[Crawled caption data]

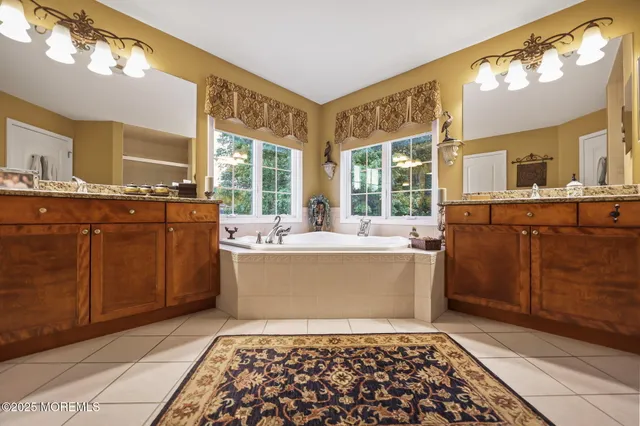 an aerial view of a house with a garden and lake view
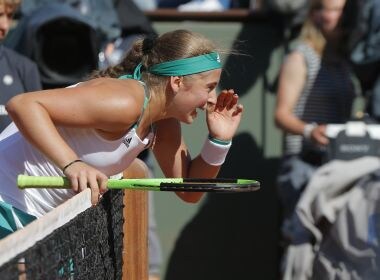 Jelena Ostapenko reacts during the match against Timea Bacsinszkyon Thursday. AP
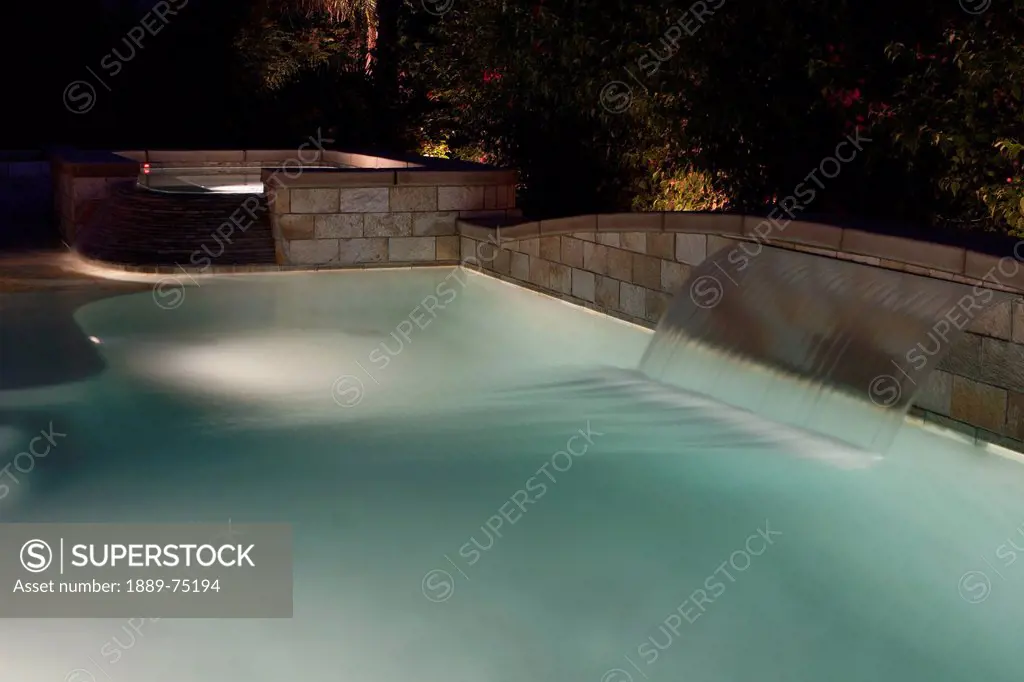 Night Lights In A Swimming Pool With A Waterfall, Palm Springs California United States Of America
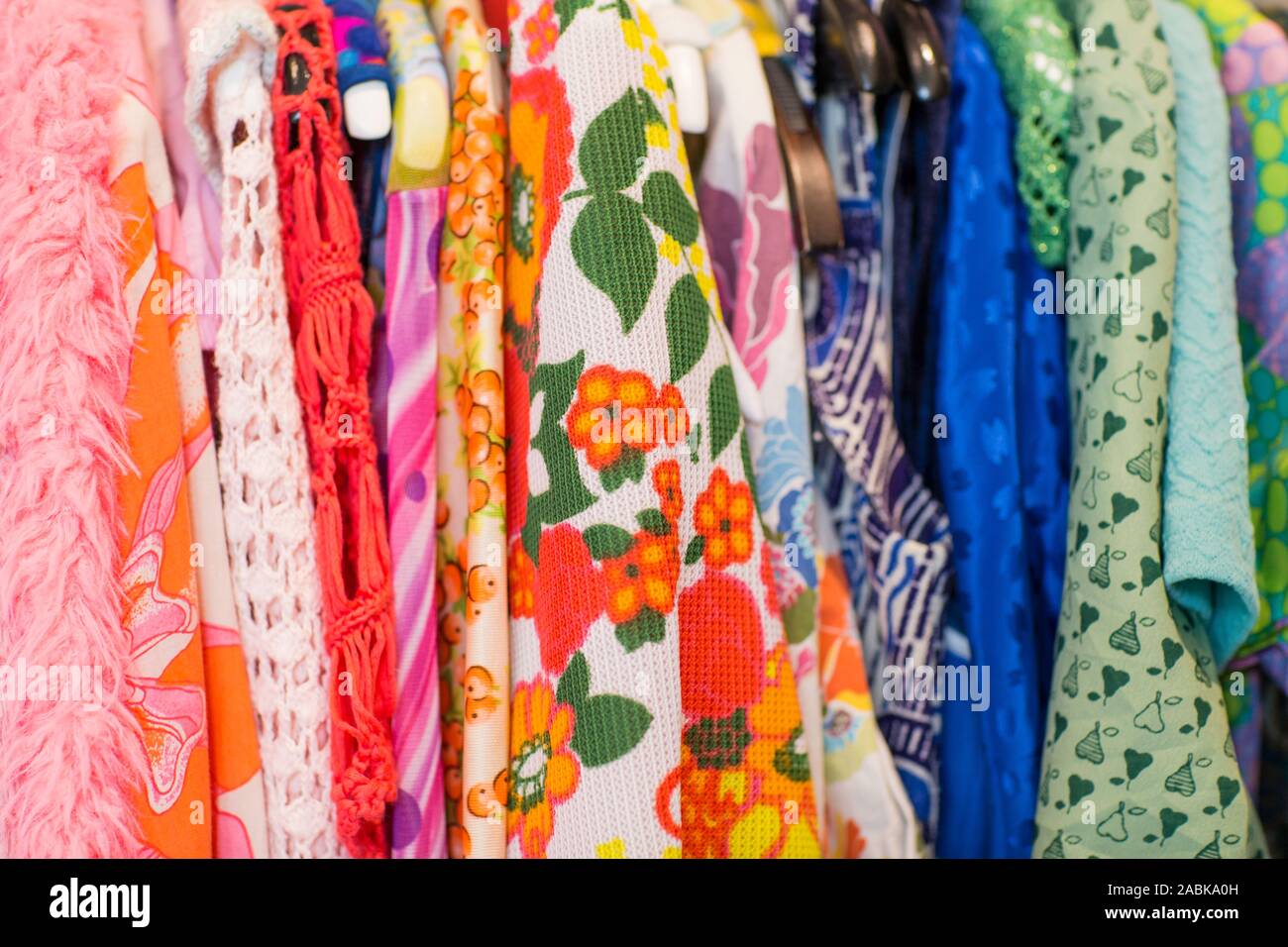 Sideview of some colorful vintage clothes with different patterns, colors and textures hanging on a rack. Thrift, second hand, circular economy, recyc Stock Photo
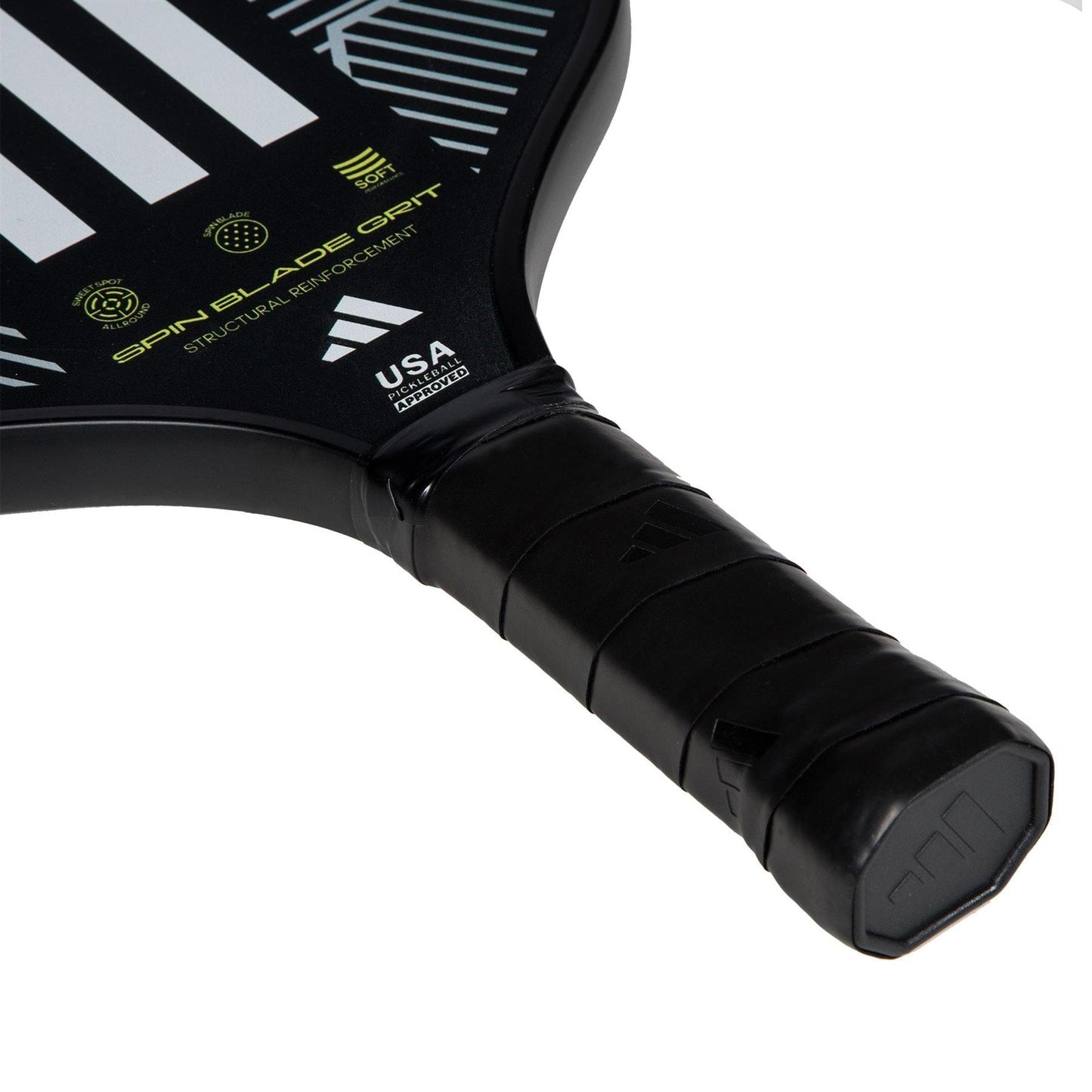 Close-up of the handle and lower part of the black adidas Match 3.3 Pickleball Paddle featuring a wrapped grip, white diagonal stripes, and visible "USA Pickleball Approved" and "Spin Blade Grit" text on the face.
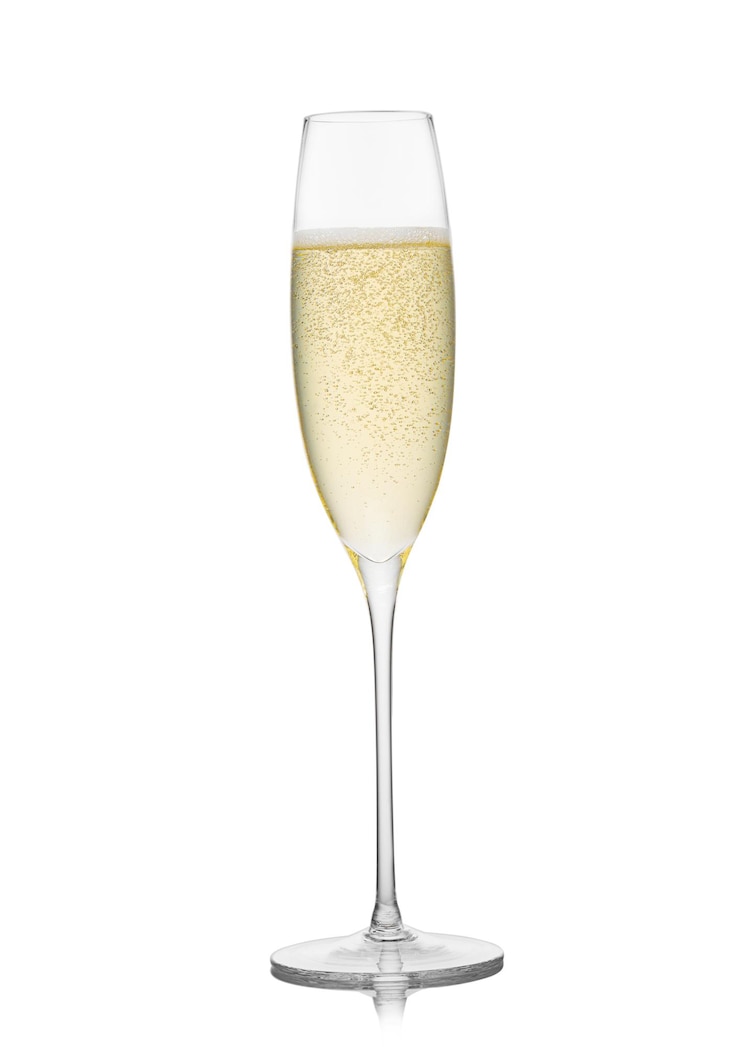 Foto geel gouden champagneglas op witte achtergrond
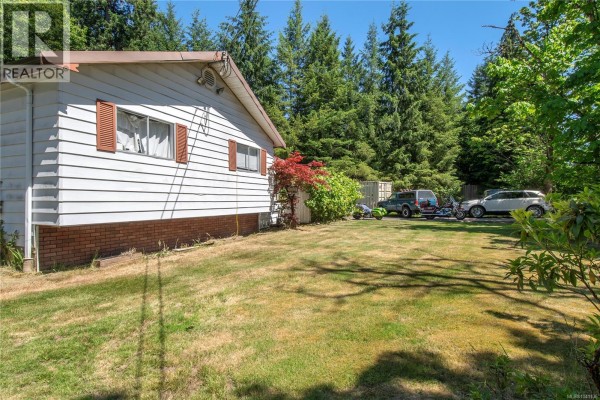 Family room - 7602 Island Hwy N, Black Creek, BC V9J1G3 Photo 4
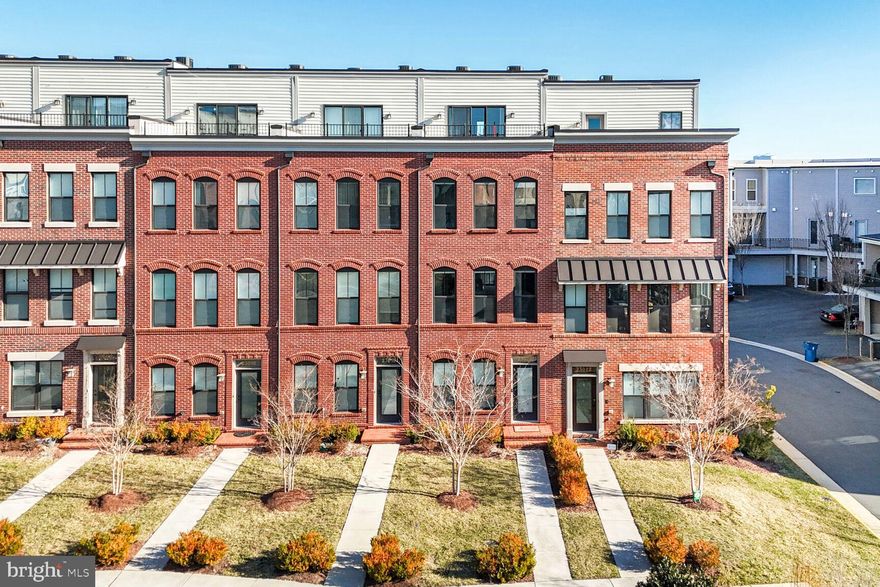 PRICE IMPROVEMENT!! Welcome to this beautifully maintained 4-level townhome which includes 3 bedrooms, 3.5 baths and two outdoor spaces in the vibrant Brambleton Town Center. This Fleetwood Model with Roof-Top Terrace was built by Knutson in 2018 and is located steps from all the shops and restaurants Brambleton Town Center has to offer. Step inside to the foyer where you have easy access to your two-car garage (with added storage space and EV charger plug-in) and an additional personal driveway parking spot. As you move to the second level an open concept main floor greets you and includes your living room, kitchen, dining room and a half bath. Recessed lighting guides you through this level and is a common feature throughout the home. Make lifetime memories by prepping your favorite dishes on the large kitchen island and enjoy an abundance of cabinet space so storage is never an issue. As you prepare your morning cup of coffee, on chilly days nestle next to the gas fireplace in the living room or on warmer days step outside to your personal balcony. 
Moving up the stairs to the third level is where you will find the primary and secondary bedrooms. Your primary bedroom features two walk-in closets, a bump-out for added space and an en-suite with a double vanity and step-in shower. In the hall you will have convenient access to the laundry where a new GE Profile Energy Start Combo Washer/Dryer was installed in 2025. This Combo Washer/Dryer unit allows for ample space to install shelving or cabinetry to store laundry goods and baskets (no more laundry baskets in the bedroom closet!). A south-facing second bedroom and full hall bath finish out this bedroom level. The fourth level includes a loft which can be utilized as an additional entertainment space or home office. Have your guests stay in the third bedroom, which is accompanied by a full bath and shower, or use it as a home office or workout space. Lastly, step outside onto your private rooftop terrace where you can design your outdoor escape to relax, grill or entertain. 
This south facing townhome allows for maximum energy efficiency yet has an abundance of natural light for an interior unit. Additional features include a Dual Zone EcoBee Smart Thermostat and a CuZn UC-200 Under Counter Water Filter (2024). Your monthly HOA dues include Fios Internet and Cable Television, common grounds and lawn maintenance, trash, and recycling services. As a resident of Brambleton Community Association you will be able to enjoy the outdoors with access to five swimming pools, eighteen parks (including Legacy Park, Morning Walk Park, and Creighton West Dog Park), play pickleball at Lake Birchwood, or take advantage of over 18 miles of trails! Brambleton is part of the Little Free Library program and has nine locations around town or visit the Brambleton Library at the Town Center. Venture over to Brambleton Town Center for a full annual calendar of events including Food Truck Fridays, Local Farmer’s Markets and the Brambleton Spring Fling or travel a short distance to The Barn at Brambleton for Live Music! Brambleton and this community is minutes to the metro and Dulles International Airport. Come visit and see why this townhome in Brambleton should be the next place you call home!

• **EXERCISE REQUIREMENTS**
Please output the data above exactly as given, omitting every picture.

• **RESPONSE**
 an aerial view of a house with a garden and lake view
 Jelena Ostapenko reacts during the match against Timea Bacsinszkyon Thursday. AP
 Night Lights In A Swimming Pool With A Waterfall, Palm Springs California United States Of America
 Sideview of some colorful vintage clothes with different patterns, colors and textures hanging on a rack. Thrift, second hand, circular economy, recyc Stock Photo
 Close-up of the handle and lower part of the black adidas Match 3.3 Pickleball Paddle featuring a wrapped grip, white diagonal stripes, and visible "USA Pickleball Approved" and "Spin Blade Grit" text on the face.
 Foto geel gouden champagneglas op witte achtergrond
 Family room - 7602 Island Hwy N, Black Creek, BC V9J1G3 Photo 4
 PRICE IMPROVEMENT!! Welcome to this beautifully maintained 4-level townhome which includes 3 bedrooms, 3.5 baths and two outdoor spaces in the vibrant Brambleton Town Center. This Fleetwood Model with Roof-Top Terrace was built by Knutson in 2018 and is located steps from all the shops and restaurants Brambleton Town Center has to offer. Step inside to the foyer where you have easy access to your two-car garage (with added storage space and EV charger plug-in) and an additional personal driveway parking spot. As you move to the second level an open concept main floor greets you and includes your living room, kitchen, dining room and a half bath. Recessed lighting guides you through this level and is a common feature throughout the home. Make lifetime memories by prepping your favorite dishes on the large kitchen island and enjoy an abundance of cabinet space so storage is never an issue. As you prepare your morning cup of coffee, on chilly days nestle next to the gas fireplace in the living room or on warmer days step outside to your personal balcony. 
Moving up the stairs to the third level is where you will find the primary and secondary bedrooms. Your primary bedroom features two walk-in closets, a bump-out for added space and an en-suite with a double vanity and step-in shower. In the hall you will have convenient access to the laundry where a new GE Profile Energy Start Combo Washer/Dryer was installed in 2025. This Combo Washer/Dryer unit allows for ample space to install shelving or cabinetry to store laundry goods and baskets (no more laundry baskets in the bedroom closet!). A south-facing second bedroom and full hall bath finish out this bedroom level. The fourth level includes a loft which can be utilized as an additional entertainment space or home office. Have your guests stay in the third bedroom, which is accompanied by a full bath and shower, or use it as a home office or workout space. Lastly, step outside onto your private rooftop terrace where you can design your outdoor escape to relax, grill or entertain. 
This south facing townhome allows for maximum energy efficiency yet has an abundance of natural light for an interior unit. Additional features include a Dual Zone EcoBee Smart Thermostat and a CuZn UC-200 Under Counter Water Filter (2024). Your monthly HOA dues include Fios Internet and Cable Television, common grounds and lawn maintenance, trash, and recycling services. As a resident of Brambleton Community Association you will be able to enjoy the outdoors with access to five swimming pools, eighteen parks (including Legacy Park, Morning Walk Park, and Creighton West Dog Park), play pickleball at Lake Birchwood, or take advantage of over 18 miles of trails! Brambleton is part of the Little Free Library program and has nine locations around town or visit the Brambleton Library at the Town Center. Venture over to Brambleton Town Center for a full annual calendar of events including Food Truck Fridays, Local Farmer’s Markets and the Brambleton Spring Fling or travel a short distance to The Barn at Brambleton for Live Music! Brambleton and this community is minutes to the metro and Dulles International Airport. Come visit and see why this townhome in Brambleton should be the next place you call home!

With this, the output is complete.